THE TASK
Restate the full listing word for word and leave the pictures out.

PROVIDED MATERIAL
▶
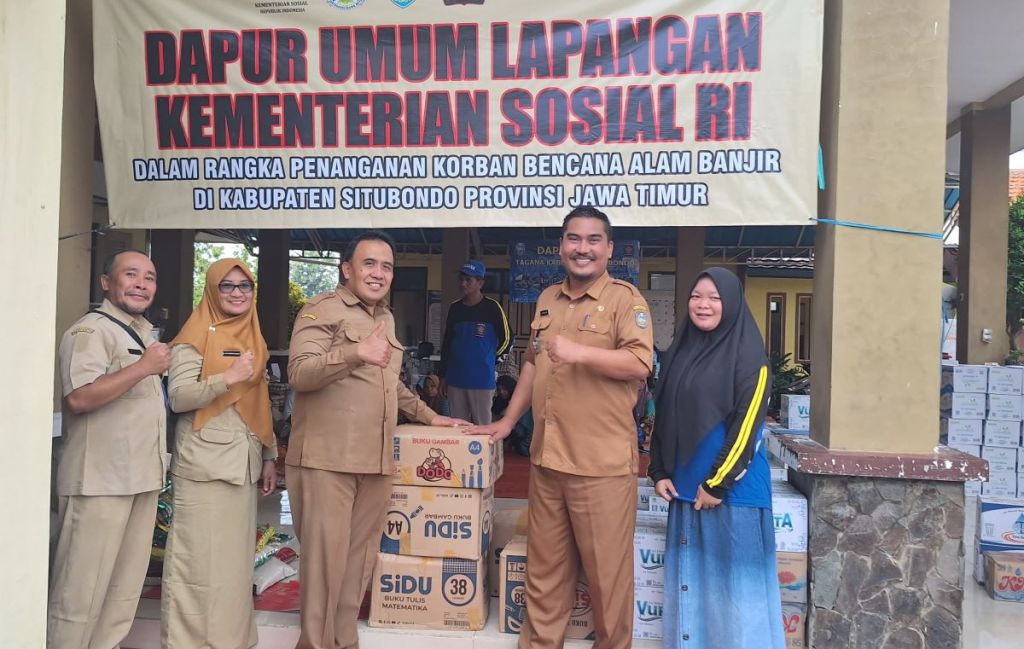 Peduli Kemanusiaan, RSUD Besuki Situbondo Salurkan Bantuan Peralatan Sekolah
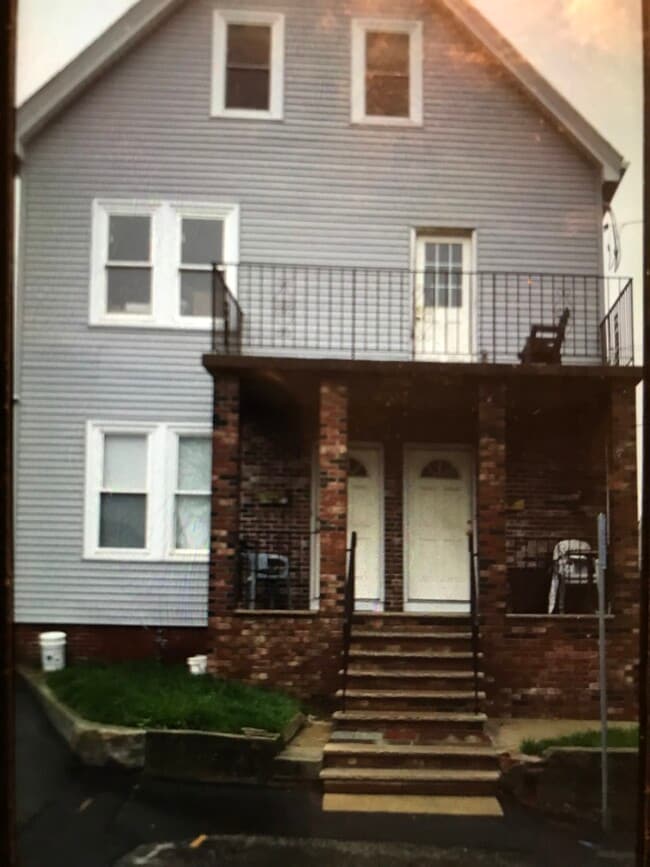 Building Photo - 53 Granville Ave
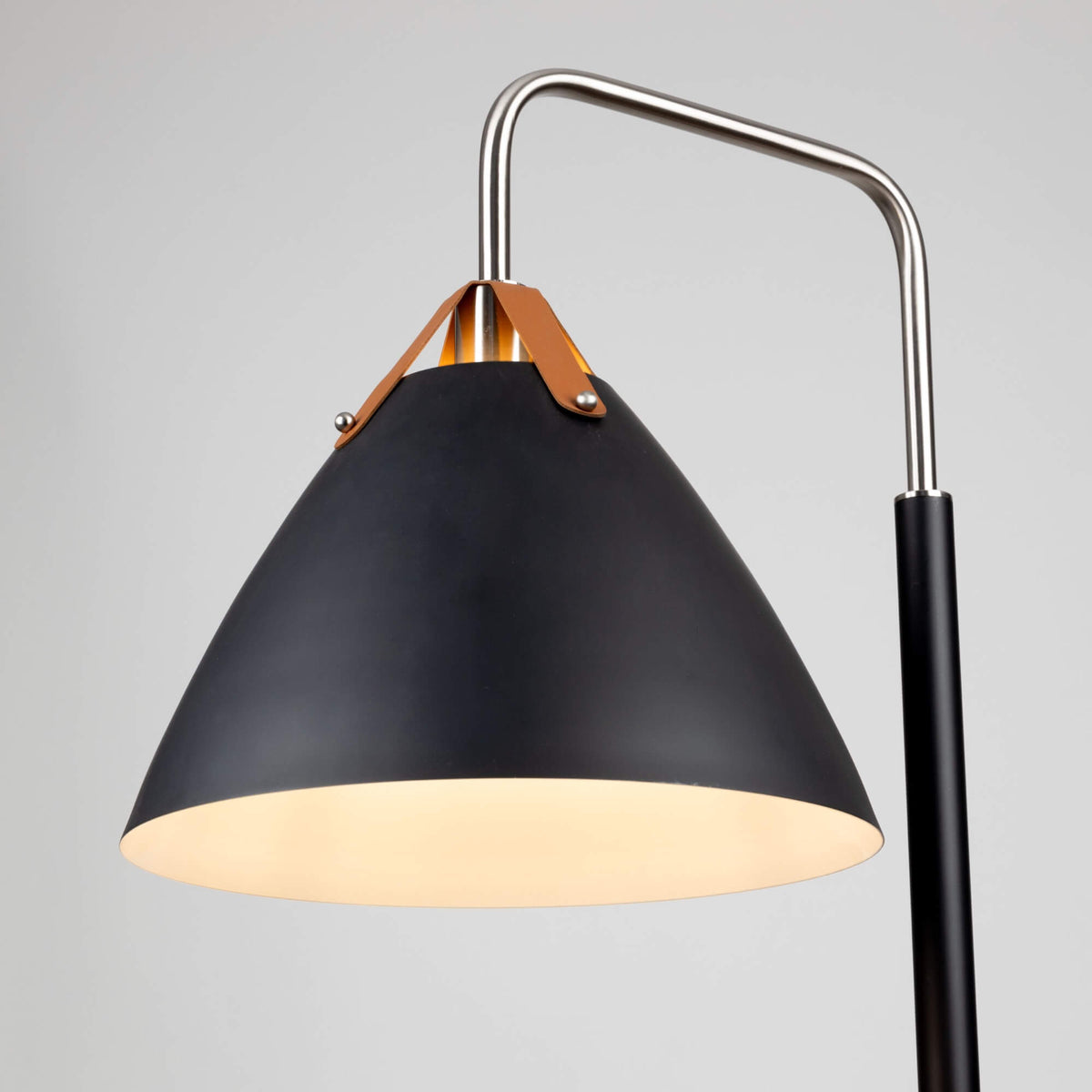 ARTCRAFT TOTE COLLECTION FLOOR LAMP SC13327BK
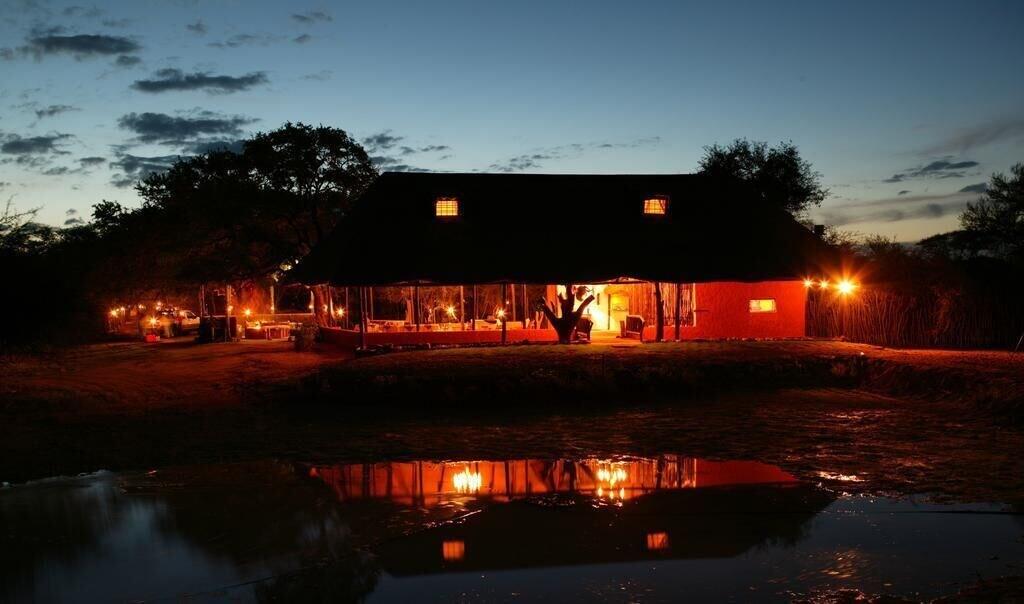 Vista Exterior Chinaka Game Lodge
◀
WORKED SOLUTION
 Peduli Kemanusiaan, RSUD Besuki Situbondo Salurkan Bantuan Peralatan Sekolah
 Building Photo - 53 Granville Ave
 ARTCRAFT TOTE COLLECTION FLOOR LAMP SC13327BK
 Vista Exterior Chinaka Game Lodge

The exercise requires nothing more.